The Home Office deemed Mr Oldfield's presence in the country was "undesirable" given his April 2012 disruption of the famous sporting event to protest against what he described as "entrenched elitism" in the UK.
But during an appeal hearing at the Asylum and Immigration Tribunal in Islington, immigration judge Kevin Moore said he intended to allow Mr Oldfield's appeal.
Mr Oldfield told reporters outside the appeal he was glad it was finally over.
He thanked his supporters, but said the public interest surrounding the case should highlight the problems surrounding deportation threats.
"What I would like to say is this happens every single day in this building to all sorts of people and we need to start paying attention to these people who are experiencing what can be quite a violent experience of having the state come down on you," he said.

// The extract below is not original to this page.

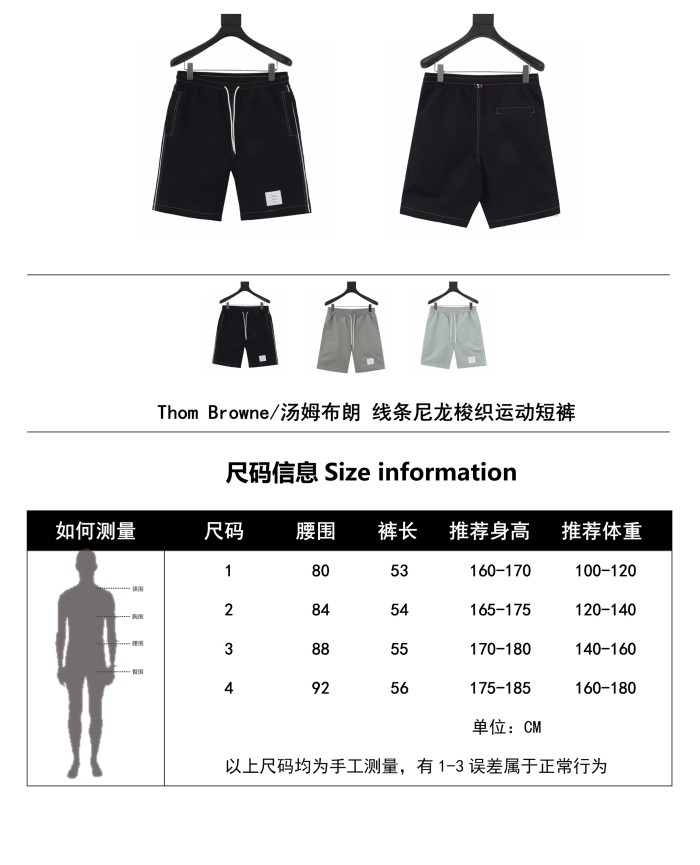 Clothes Thom Browne 60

Mr Oldfield's application relied partly on his claim that Australia was a racist country and his British-born wife Deepa Naik, who is of Indian descent, and his five-month-old daughter would be discriminated against if they were forced to move back with him.
Mr Oldfield, who works with his wife in not-for-profit organisations, said he regretted many aspects of his protest, particularly the impact it had on his family and he would not be repeating his actions.
There were 23 people at the tribunal willing to give positive evidence in favour of Mr Oldfield.
However, the judge only heard from a few, including an Oxford professor who said Mr Oldfield's work to help end inequality was a benefit to British society.